Tomorrow, I head to Overlake Hospital in Bellevue for my abdominal surgery. Not allowed to eat anything today except water and clear liquids (no solid food, no milk, no soy, no red dyes). At 6pm tonight, I have to start my MoviPrep regimen which involves drinking two canisters of very nasty-tasting powder mixed with lukewarm water. It kind of tastes like liquid lemongrass and is supposed to "clear me out" so that my colon will be prepped for surgery. There's no end to the fun and glamour. I am trying to keep my spirits up, but it's especially hard when you're hungry too. This morning I got some strawberry yogurt on my hand while feeding Rowan and Spencer their breakfast. I had to stop myself before I licked it off! For lunch, the boys shared a Quarter Pounder with Diane, but only after we told them it was a Krabby Patty. The ruse worked beautifully since they love Spongebob Squarepants so much. They ate it all, except for the pickles. I was tempted to even eat those cast-offs from my toddlers' meal- that's the pitiful, hungry state I'm in....
Speaking of food, my friend Jenny and I had a few delicious hours last week to hang out and catch up. We had lunch at a new Vietnamese restaurant in Tukwila called The Lemon Leaf. It's right off the same exit as IKEA, but its interior decor reminded me of The Tamarind Tree in the International District. Very chic and upscale, but the menu was exceptionally affordable like most Vietnamese eateries are. She did find a live bug in her fresh herb/veggie plate (not in her main dish), but the staff was suitably embarrassed and gracious about removing her meal from the tab. We talked so much about our kids, work, life and ideals of happiness. We were so engrossed in our conversation that we pulled our party over to Anthony's Home Port in Des Moines during Happy Hour. I had a fresh, hot espresso shot poured over three scoops of vanilla ice cream, float-style. SO GOOD! My brother Jeff joined us since he lives just down the street, and the three of us contentedly polished off calimari, pan-fried oysters, and shrimp salsa & chips as we watched the sunset over the marina. I realized that I used to do this sort of thing all the time, and now, it seems like these moments of blissful relaxation, good conversation, and excellent appetizers are stolen moments.
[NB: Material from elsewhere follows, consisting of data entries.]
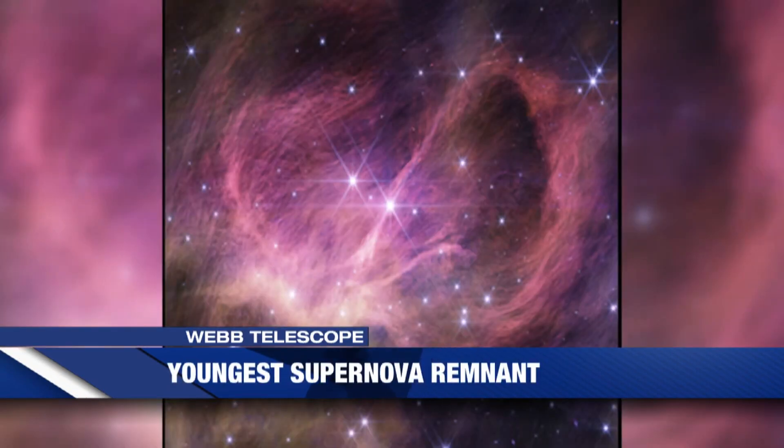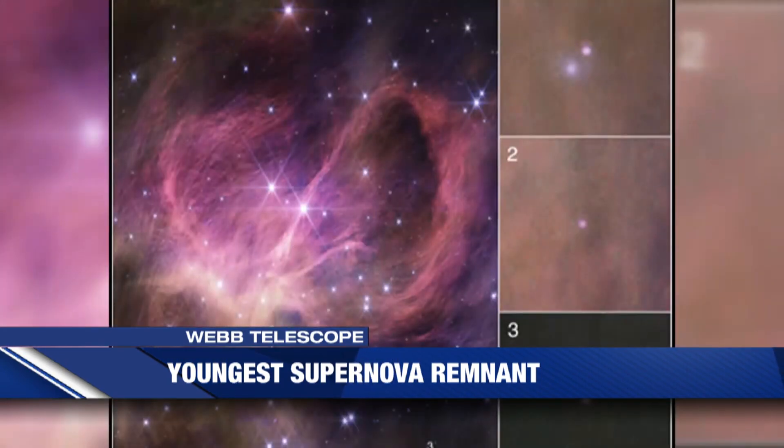NASA released a new image of the youngest supernova remnant in our galaxy, called Cassiopeia, or Cas A. This is the closest and most detailed look inside the exploded star. Astronomers used the Webb Telescope's near-infrared camera to see the supernova remnant at different wavelengths of light than those used in previous observations. Aside from being beautiful, the image could help researchers better understand the processes that fuel these massive celestial events.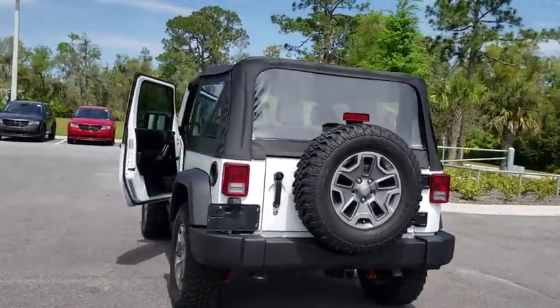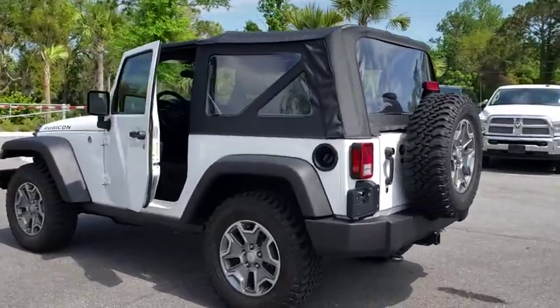This vehicle has less than 20,000 miles. Here are some of this vehicle's great options.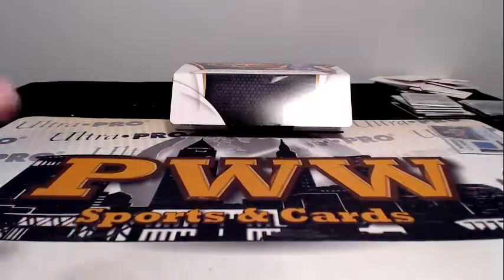DeMar DeRozan Energizers, and that does it for the break guys! Thanks to everybody for getting the break — we'll get these sorted and shipped out. If you have any questions let us know. We'll definitely be breaking some more basketball coming up next weekend, so thanks for breaking with us. Hope you have a good night — look forward to breaking again with you soon. Peace!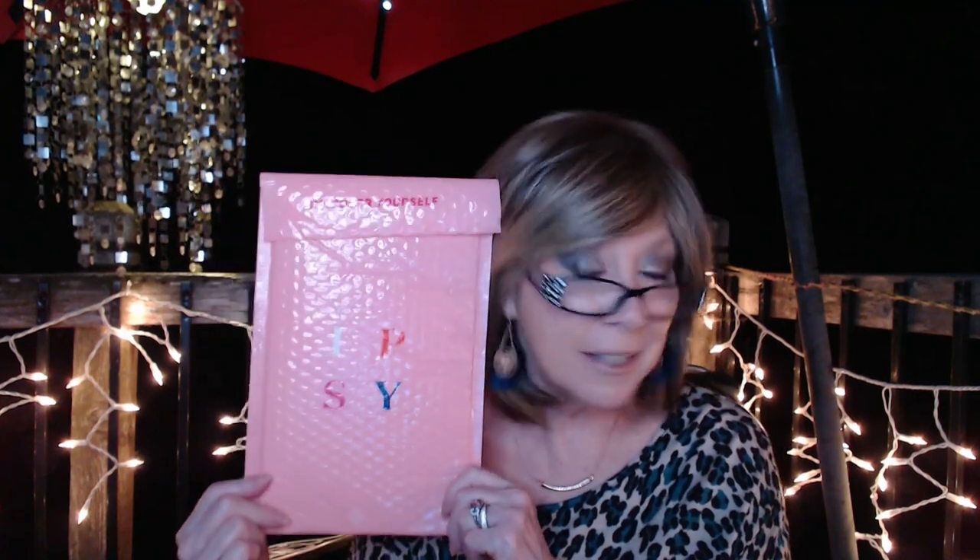Hi everyone! I got one of those — I think I'm getting addicted to these little bags. Is there a club for people like us? Anyway, I got another little limited edition special ipsy bag, so I hope you stick around and join me, because when it comes to skincare and things like that, hashtag Nancy has no idea.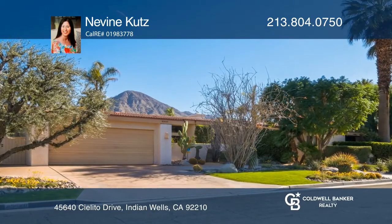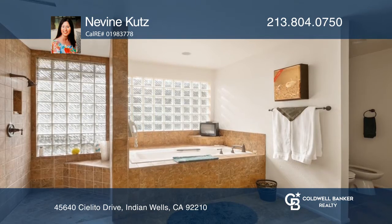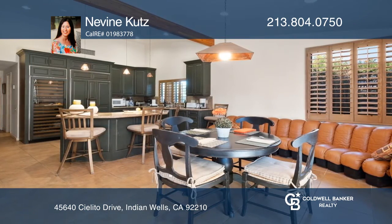This custom-built home is in a great location. The main suite with a fireplace includes a generous main bath, a walk-in closet, and access to a saltwater pool and spa. The chef's kitchen includes a breakfast nook and plenty of storage. The living room opens to an oasis-like backyard that offers a resort-style setting.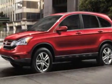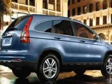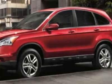Take a look at this 2011 Honda CR-V. This CR-V has just under 1,000 miles. This vehicle gets 21 miles per gallon in the city and 27 on the highway.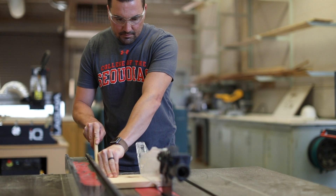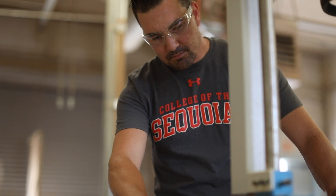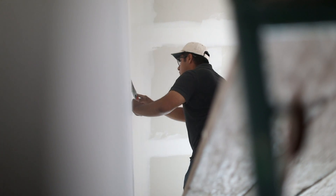I am currently pursuing my certification in construction inspection and associate degree in construction technology at College of Sequoias. The thing I like most about the program is it's really broad — it encompasses a lot of the industry.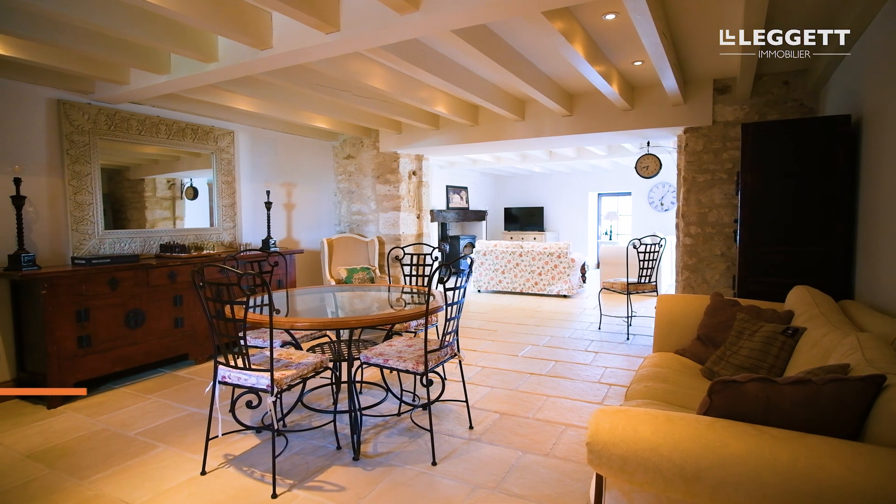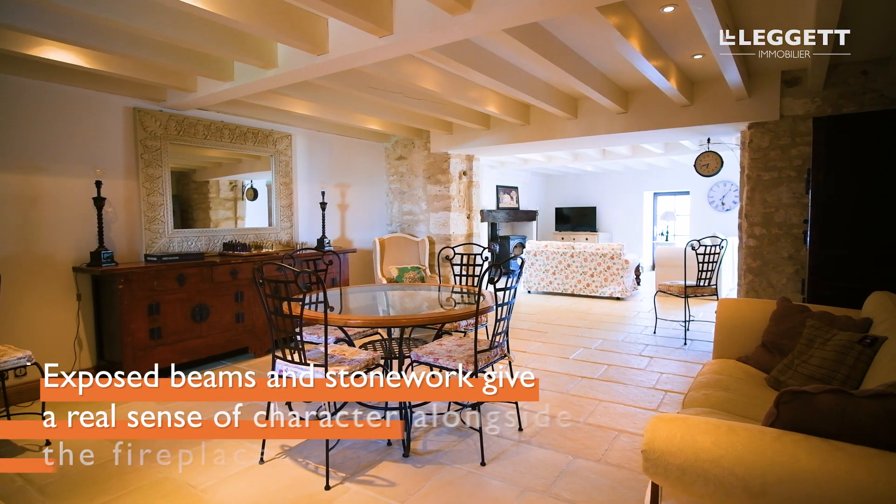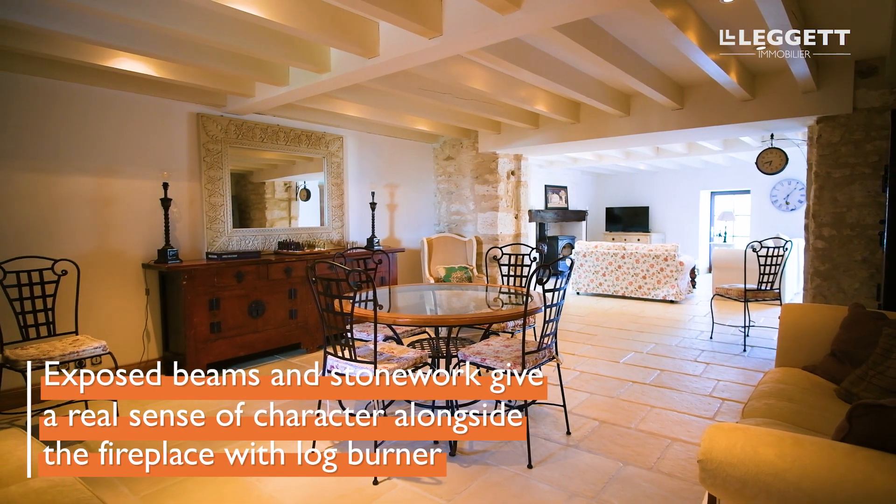Presently the house is divided into two parts: there's private accommodation for the owners and another part which they currently use as a business, but it can be easily opened up as one big house as there's already a door that communicates between the two parts.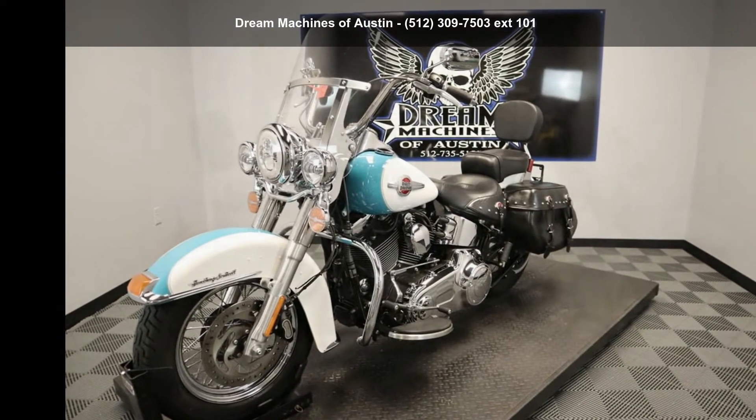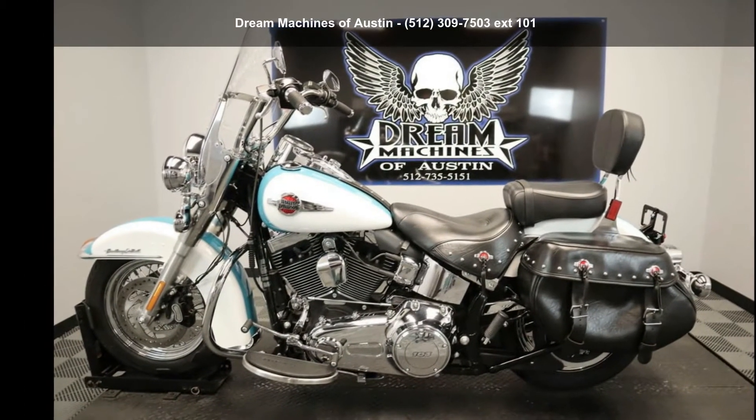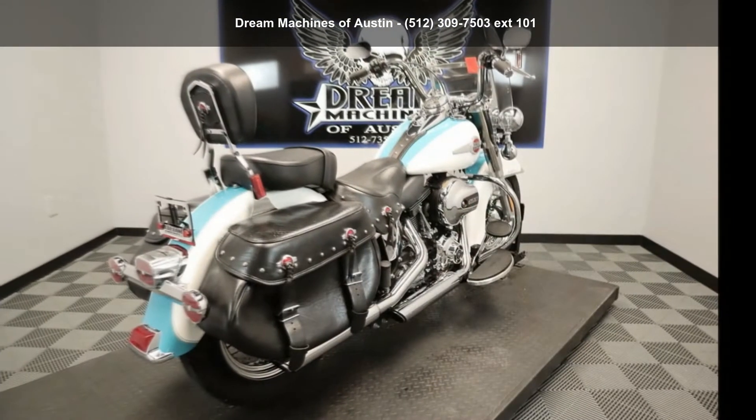This could be the motorcycle you've been looking for. This is a great deal on a pre-owned motorcycle. Low mileage is an important factor in your purchase, and this one delivers a low odometer reading. Let us put you on this bike today.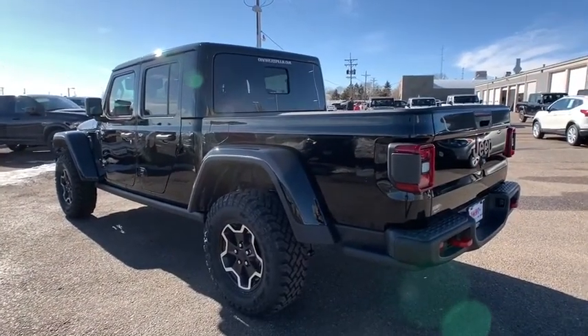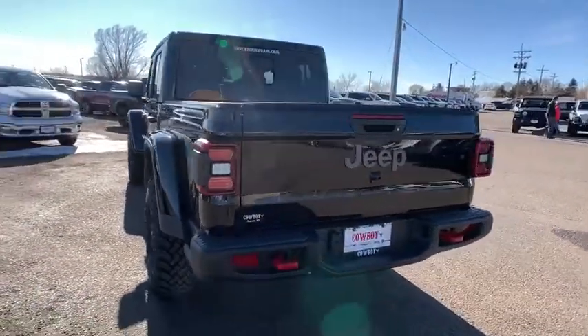This vehicle has less than 100 miles. Here are some of this vehicle's great options.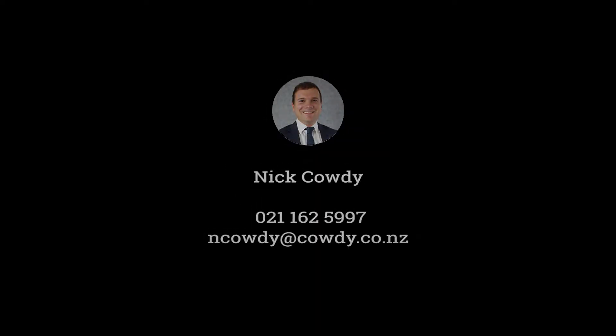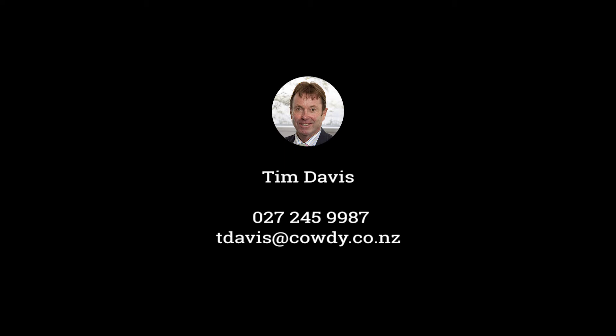What more could you ask for? So give us a call or come and see it for yourself.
It's only been 4 months since my diagnosis, but my world has become more somber. In that moment with Jenny and Jeff, enjoying food that I hadn't been able to eat in a long while, I truly savored and enjoyed it while I could. Today, I am still thinking of that food, but more importantly of the conversation we had. We all get dealt a rotten hand sometimes, but life is what you make of it- even if you have to go to a place that labels it Happy Hour for you. This week, my friend Gina wrote to me of her mom's and her grandmother's struggles with cancer. I know it must have been hard for her to dredge up those memories because she suffered along with them during their illness. I also spoke to my friend Joni, whose mom has been battling metastatic breast cancer (now in her liver) for the past 7 years- when they originally told her she had 6 months to live. I had a good conversation also with my friend Lynnett, who is having a hard time of her own and didn't want to bring it up because she was worried it would add to my burden. In sharing your sad stories, you also shared with me important lessons, and my spirits have been lifted by your gift.
What I realized is that I have a lot of STRONG WOMEN as friends. This includes my 214 friends, my amazing cousins, childhood friends and even many co-workers over the years who have demonstrated their integrity and good character time and again. They face adversity, raise their children, juggle a career, and still find a way to prevail. But we can only do that with a strong support network and friends that we can rely on to vent with, share lessons with, and hope with. We all have sadness and struggles in our lives, but we must also have each other to help us through it. My friends Kimchi and Tina are both pregnant now, and expecting their first child soon. I want to be there to celebrate with them as they join an even greater sisterhood.
As I head into surgery tomorrow, I'll be thinking of my sons and what I want to teach them about my experience long after it's over. They won't remember any of this, but I still want them to know it happened. They need to know that their mother was strong for them long before they could ever see it for themselves, and she could only get through it with the combined strength of so many women who have been, and remain, her friends and allies. I hope to teach them how precarious life can be, and the only defense is strong and resilient friendships. I will also teach them to treat the women in their lives kindly and with respect. As women, we bear our children and we continue to bear so much in life just to ensure that our kids can grow up safe and healthy. We love them, protect them, and teach them- sometimes at great sacrifice to our own health or sense of happiness. But what I wish most for my girlfriends out there is many Happy Hours to come. Please know that you deserve to smile and to be happy, no matter who or what in your life is bringing you down. Know this so that you can raise daughters who become happy, strong women themselves and sons who know how to treat women. To the good men I know, continue to honor the women you love. Take a moment to recognize and appreciate how much they do for you before it's too late. Teach your sons well, for they will look to you as an example of what a man should be.
To ALL of my friends, thank you so much for your support and continued friendship. When I come out on the other side, I will be calling you for coffee or Happy Hour- Count on it!!!